----- Records for the task -----

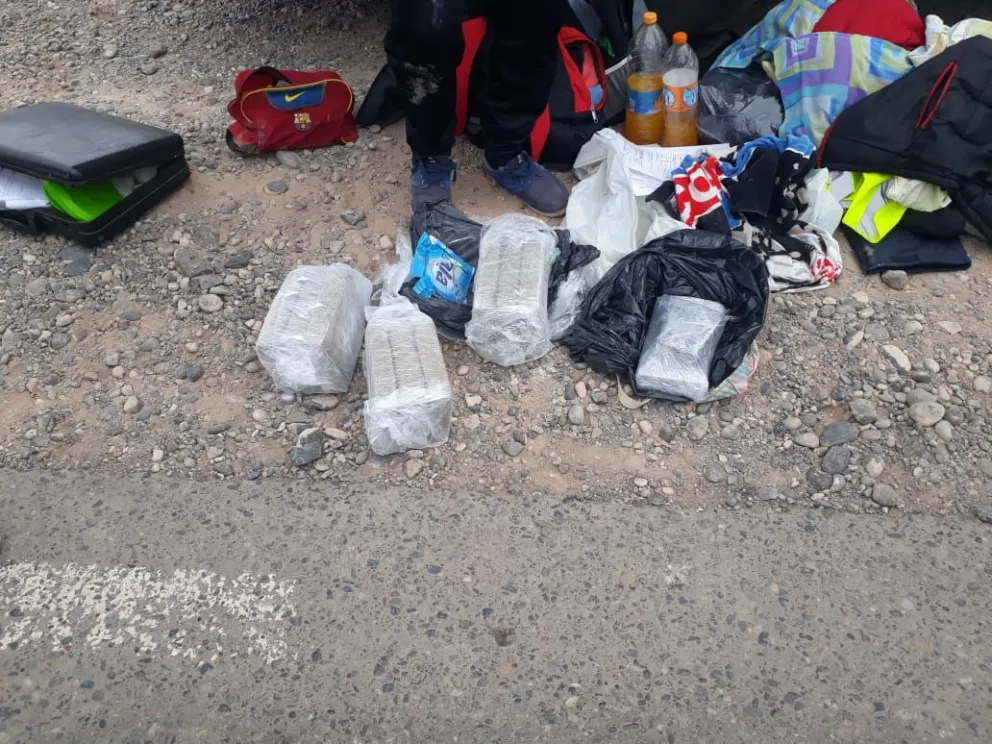 “Operativo Aceite Verde”: secuestran más de 13 kilos de marihuana y medio millón de pesos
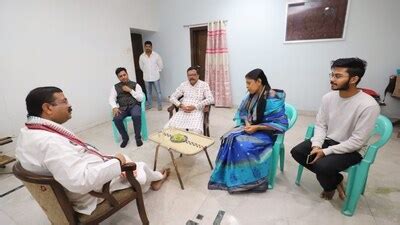 dharmendra pradhan visits slain ministers family bjd slams visit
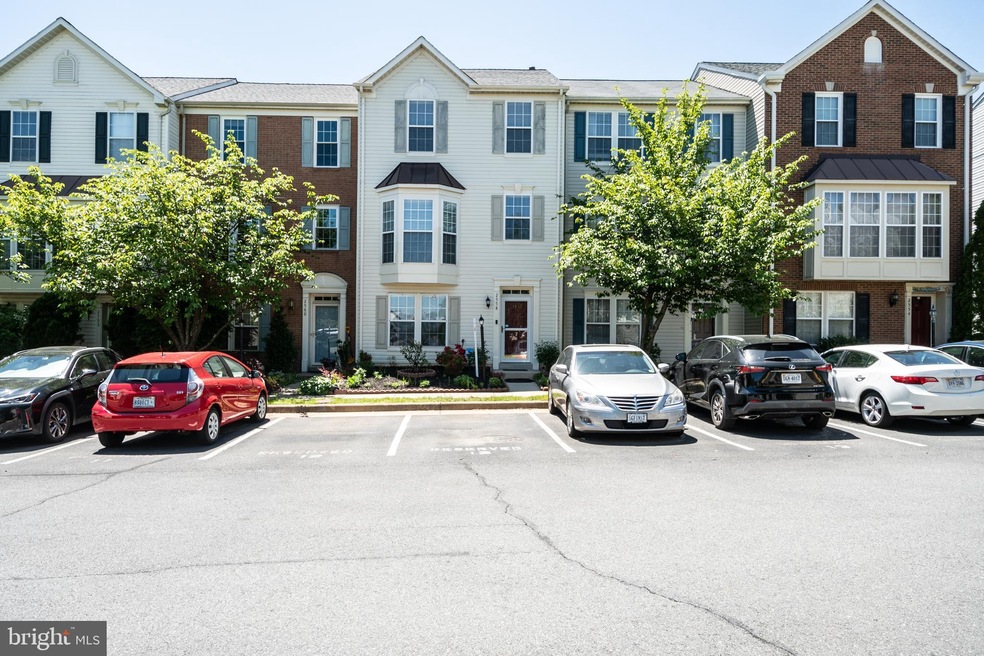 2558 Banshire Dr, Herndon, VA 20171 - photo 1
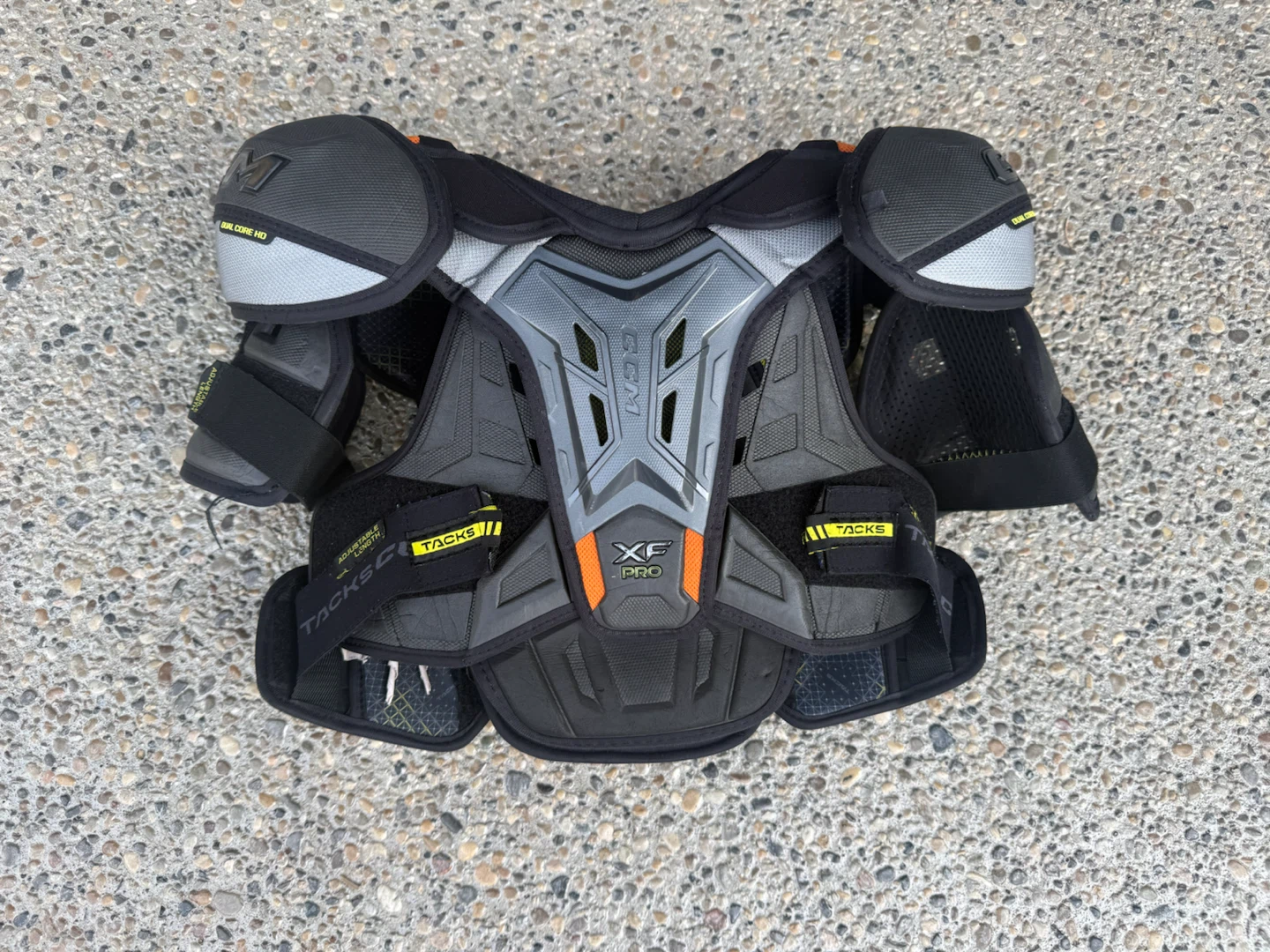 CCM XF Pro hockey shoulder pads  Small & CCM FT6 men medium - photo 4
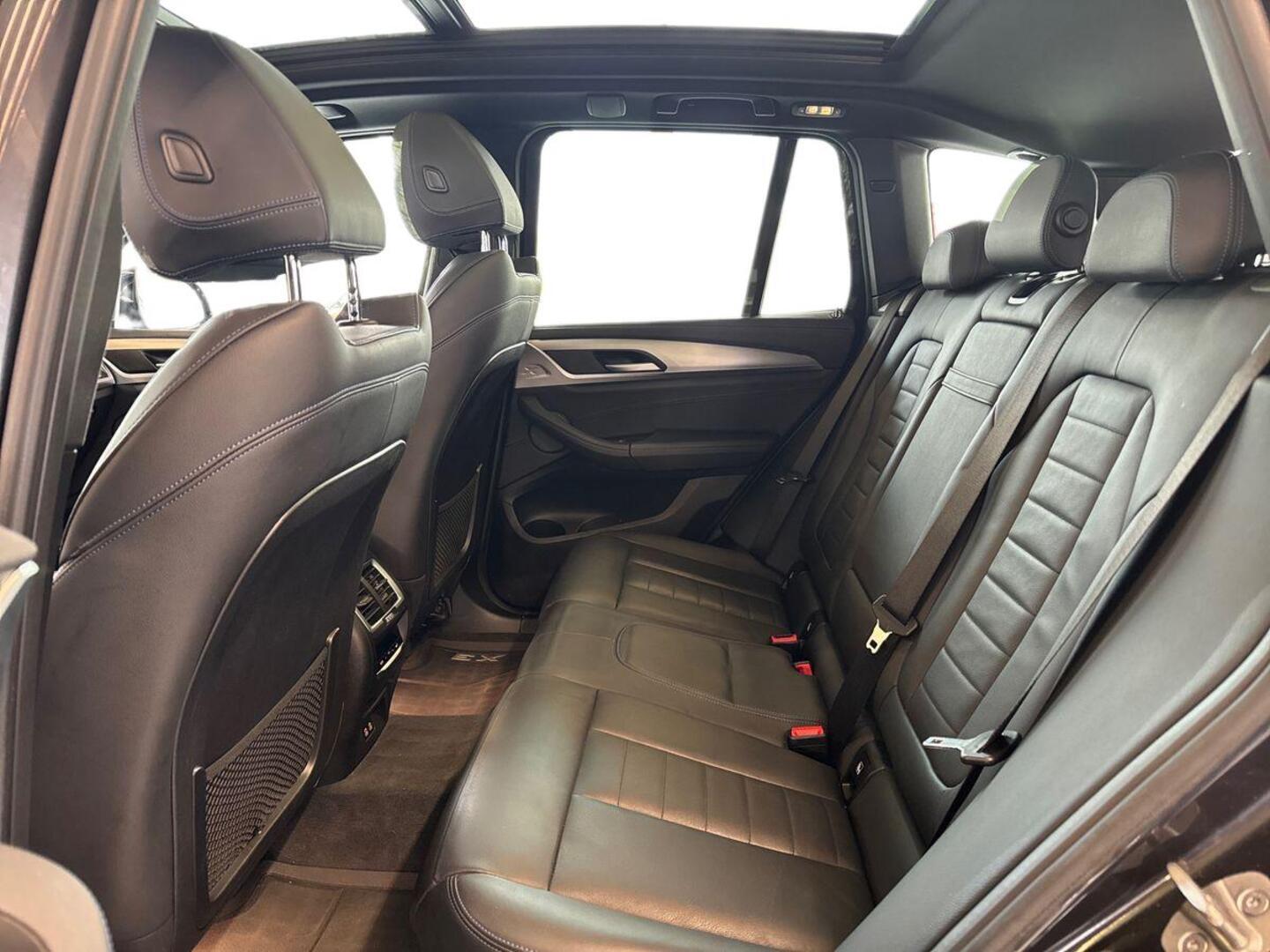 BMW iX3 2022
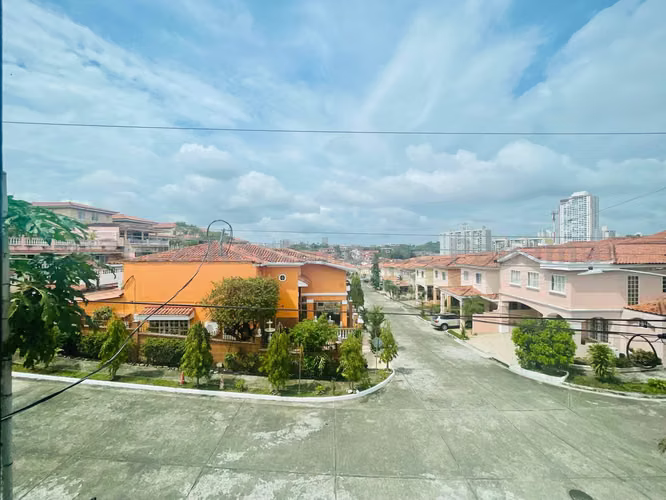 Venta Casa El Bosque - YD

-----

* Directions for this task
Please copy the lines above, starting at the one that holds "2558 Banshire Dr, Herndon, VA" and stopping after the last line, exactly as they appear and minus the pictures.

* Answer to the exercise
 2558 Banshire Dr, Herndon, VA 20171 - photo 1
 CCM XF Pro hockey shoulder pads  Small & CCM FT6 men medium - photo 4
 BMW iX3 2022
 Venta Casa El Bosque - YD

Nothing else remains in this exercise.